D’après Platon, mise en scène de Pauline d’Ollon, avec Pierange Buondelmonte, Adrien Drumel, Philippe Grand’Henry, Anne-Marie Loop, Achille Ridolfi, Jérémie Siska. Du 17 au 28/10/2017 au Théâtre des Martyrs.
Une invitation à un banquet, ça ne se refuse pas, surtout s’il est question de nourrir une réflexion philosophique par le rire et l’émotion. Alors que le nihilisme est plus que jamais dans l’air du temps, la jeune metteure en scène Pauline d’Ollone nous propose un moment d’arrêt et de questionnement salutaire sur le beau, l’amour et les dangers de la rhétorique. Au départ d’un texte millénaire, le célèbre « Banquet » de Platon, elle revisite des époques lointaines pour créer un trouble, démonter la pensée et les mécanismes de séduction des discours à l’idéologie dangereuse. Dans son spectacle au ton vif et inventif, elle interroge les Anciens tout en multipliant les anachronismes pour mieux nous aider à voir au-delà des apparences.

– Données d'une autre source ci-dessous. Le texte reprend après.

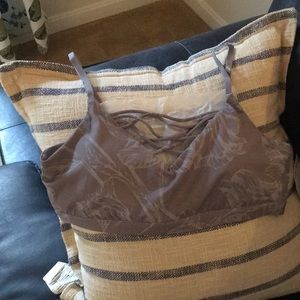 Fabletics Strappy Bra Top in size XXL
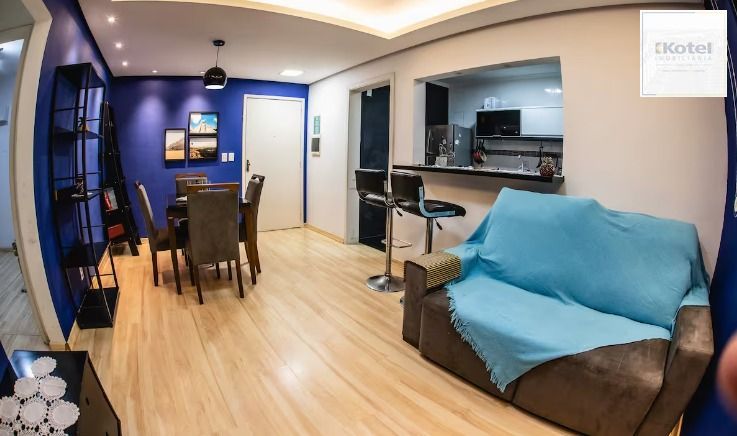 APARTAMENTO 2 DORMITÓRIOS, VAGA E SACADA — foto 4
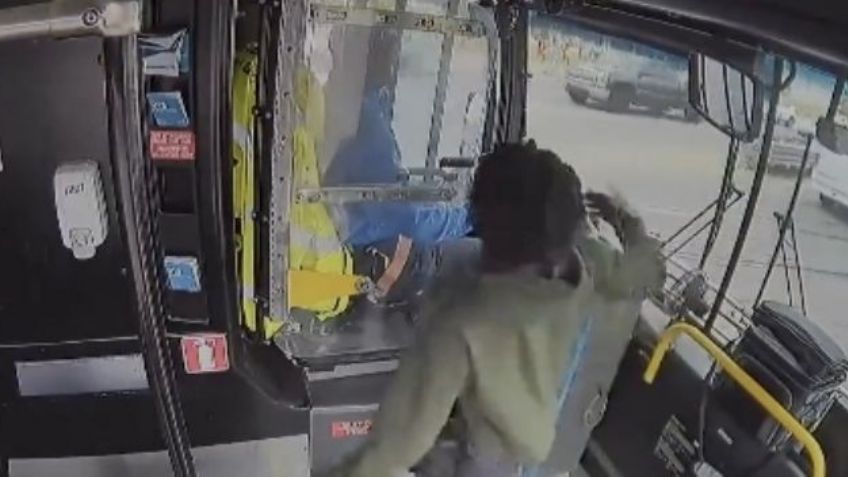 Pasajero desata pelea con chofer de autobús y culmina en impactante choque contra edificio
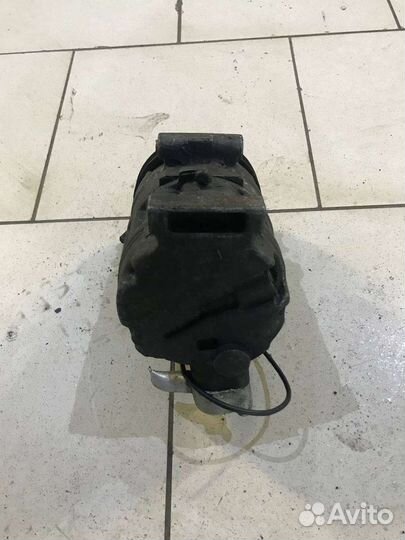 Компрессор кондиционера Audi Volkswagen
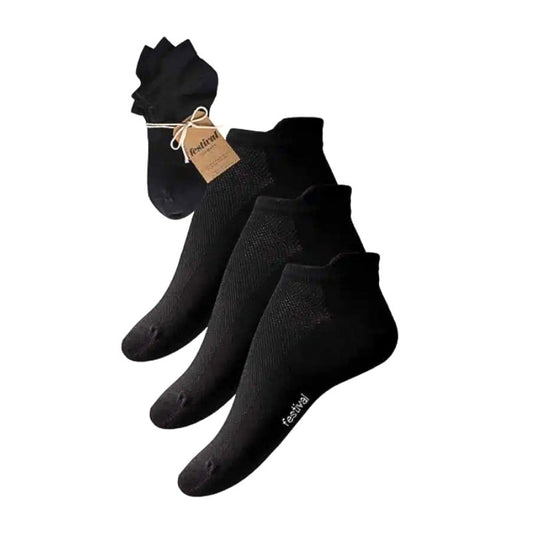 Tre par sorte Festival Strømper sneakers vises, et sæt stablet og bundet med et brunt mærke. Disse sokker er lavet af åndbart materiale og har et diskret mønster og et "fashion"-tryk i hvidt på tæerne.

C’est soir de fête. Le jeune poète Agathon invite ses amis pour célébrer le succès de sa dernière tragédie. Il a réuni les plus grands orateurs de la cité : Phèdre, Pausanias, Eryximaque, Aristophane, Socrate et Alcibiade. Très vite, un concours d’éloquence est organisé pour permettre à ces brillants parleurs de rivaliser en imagination et en joutes verbales. Le sujet ? L’amour, bien sûr. Celui qui en fera le plus bel éloge gagnera. Les convives prennent tour à tour la parole. Ces joyeux fêtards ne sont pas avares de bons mots et ne craignent pas le désordre. Les discours s’additionnent, se complètent, se suivent et se répondent dans un impressionnant maelstrom. La parole tantôt lyrique, tantôt prosaïque fait le grand écart entre truculence et raffinement. Pour tout vous dire, on y entend bien sûr beaucoup d’alexandrins mais aussi des éructations !

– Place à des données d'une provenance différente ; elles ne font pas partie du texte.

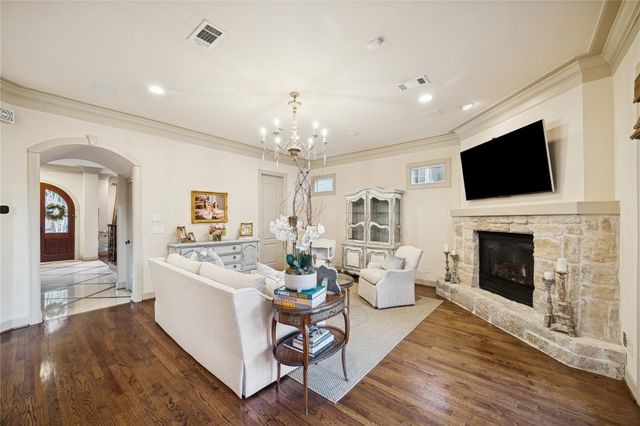 3815 Marquette Street, Houston, TX 77005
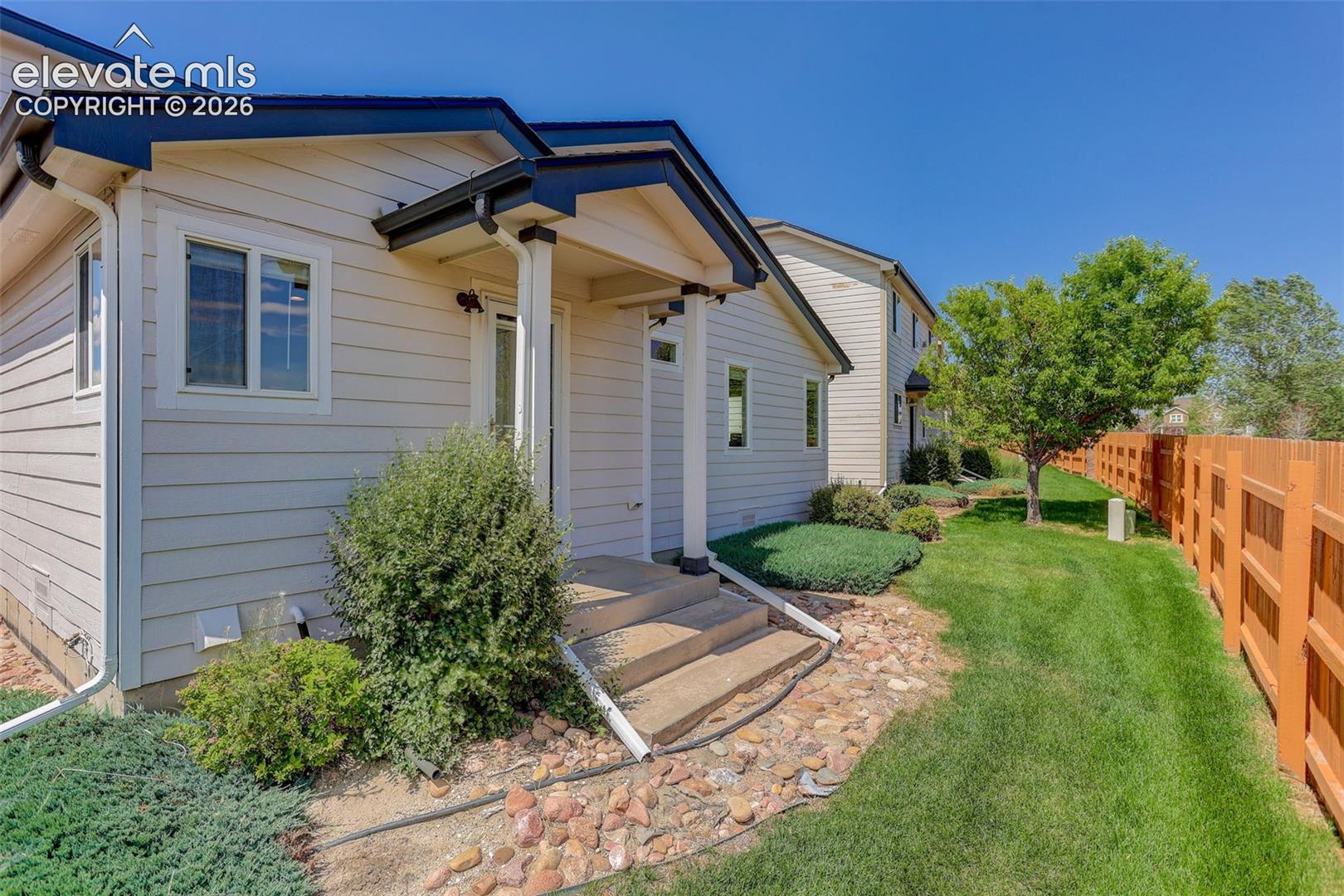 Listing photo 11 for 1363 Yellow Granite Way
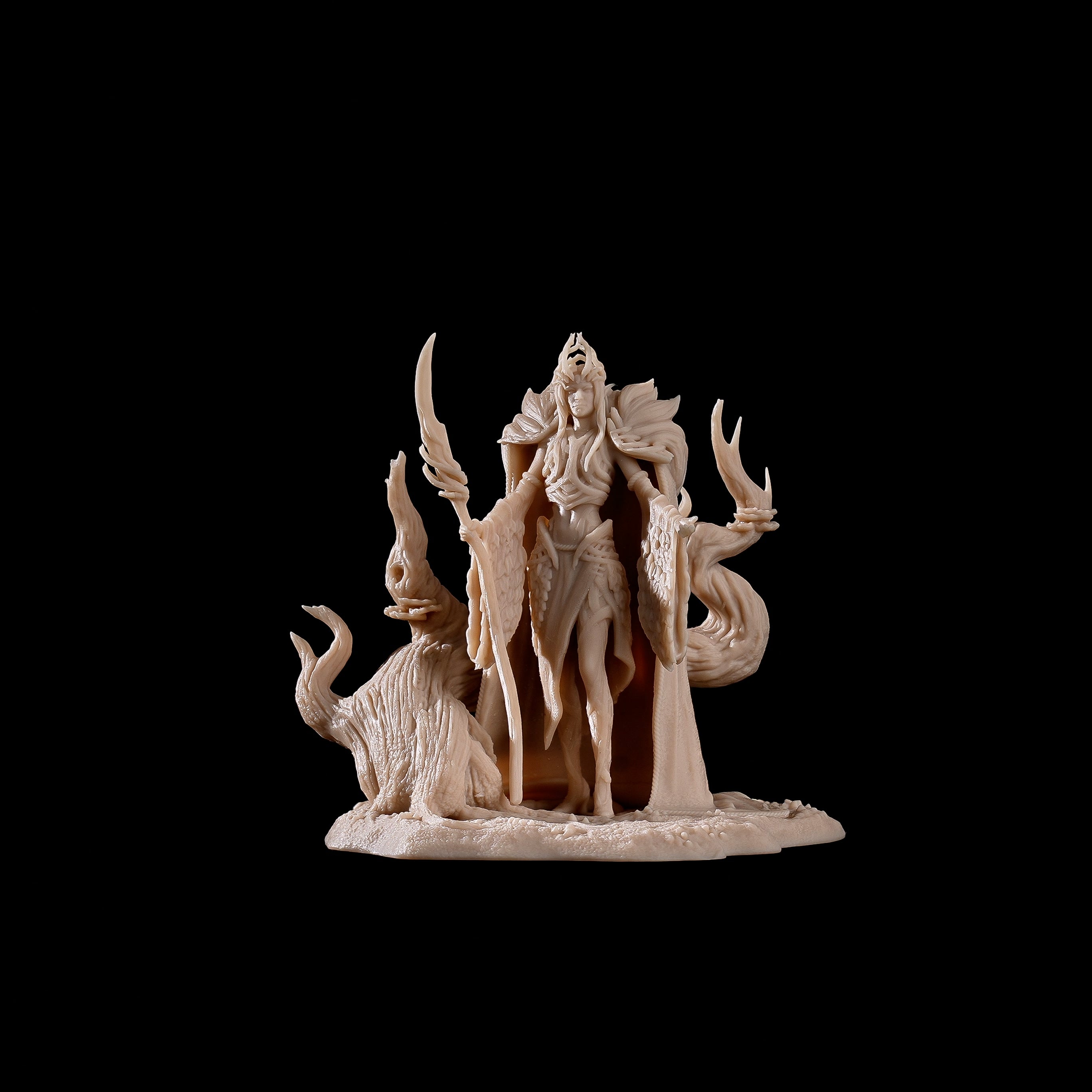 Queen Galadren Marchwarden of Thornsunder unpainted 32mm miniature, highly detailed grey resin figure for custom painting.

Pour aider le spectateur à exercer son esprit critique, Pauline d’Ollone y a ajouté le rôle du contradicteur qui met en lumière les discriminations et intolérances de Pausanias, dans sa volonté de créer des normes et des hiérarchies entre les personnes (racisme, inégalité homme/femme, mépris de la province), et nous apporte un éclairage contemporain. Enivrés par la surenchère de discours, certains se perdent dans des envolées délirantes. D’autres envoûtent en mariant séduction et manipulation dans leur éloge. C’est le cas du beau et talentueux Agathon qui démarre son discours (l’amour est jeune, l’amour est beau) avec beaucoup d’emphase pour le terminer en chanson dans un grec ancien endiablé. Mais Socrate veille au grain. Constamment à la recherche de la vérité, il n’hésite pas à démonter les discours qui se vident de sens.

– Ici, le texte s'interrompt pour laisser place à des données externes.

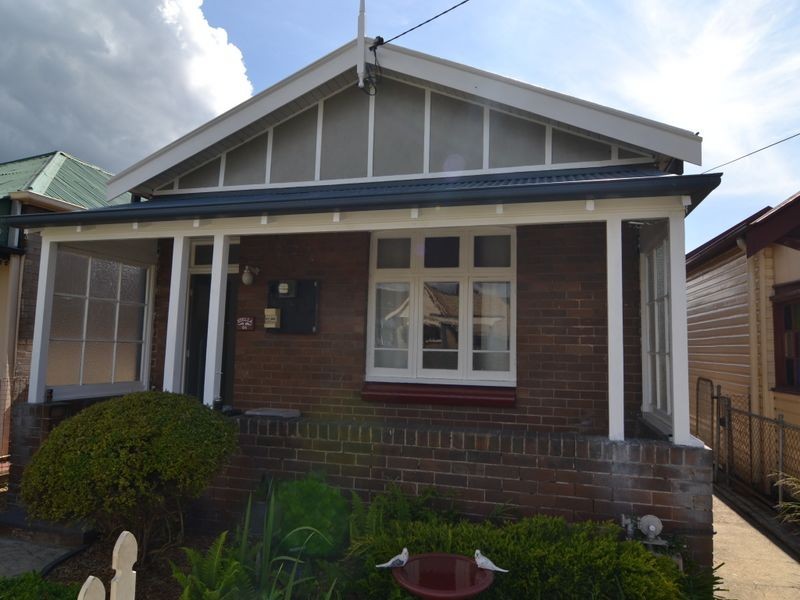 64 Cupro Street, Lithgow NSW 2790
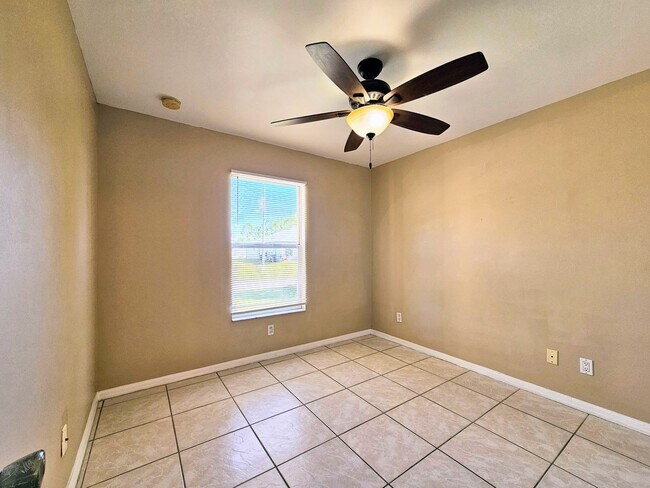 Building Photo - Nice 3 Bedroom Duplex in Lehigh Acres
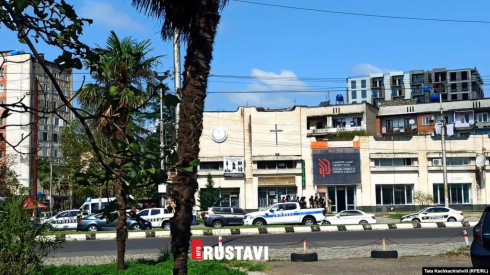 ბანკში შეჭრილი შეიარაღებული პირი 2 მილიონს ითხოვს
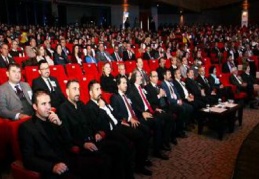 Dünyanın gidişatını sezebilen insanlar liderlik ruhu gösterirler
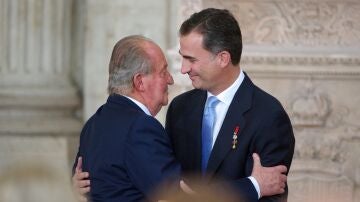 Saludo de Juan Carlos I y el rey Felipe VI en 2014 (Archivo)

Après avoir investi le Théâtre de la Vie, il y a deux ans, dans un cadre intime qui permettait une relation privilégiée et directe avec le spectateur, la troupe fait son entrée au théâtre des Martyrs. Dans la grande salle, le rapport au public est différent mais les comédiens instaurent un lien fort entre la scène et les spectateurs par leur jeu généreux et large. Installés dans un décor de petit théâtre antique qui se démonte au gré des discours, ils prennent un plaisir évident à porter vers nous ce beau texte aux résonances actuelles. Tous incarnent leur rôle avec passion. A commencer par Anne-Marie Loop, lumineuse et protéiforme (la joueuse de flûte, le contradicteur et Diotime) qui porte magnifiquement le texte de la prophétesse. Toujours d’une grande finesse, elle nous enchante par la délicatesse et la limpidité de sa langue lors de ses échanges avec Socrate. Philippe Grand’Henry (Socrate) est plus que convaincant dans ses dialogues, cherchant avec ferveur un interlocuteur capable de l’aider à progresser dans la quête de la vérité. Les autres jeunes comédiens ne sont pas non plus en reste. Achille Ridolfi nous conte le célèbre mythe d’Aristophane et la théorie de l’âme-sœur avec une rhétorique gracieuse. Pierange Buondelmonte en Eryximaque joue un médecin troublant qui déraille un peu. Quant à Jérémie Siska et Adrien Drumel, ils dépeignent l’amour (et ses blessures) avec beaucoup d’exaltation.
A la fois drôle et subtil, le spectacle de Pauline d’Ollone multiplie les pistes de réflexion, fait appel à la liberté de l’esprit critique. On peut également voir la pièce comme une porte d’entrée vivante et accessible dans la philosophie et dans l’œuvre de Platon. Bref, Reflets d’un banquet est un spectacle dont on ne peut que faire l’éloge.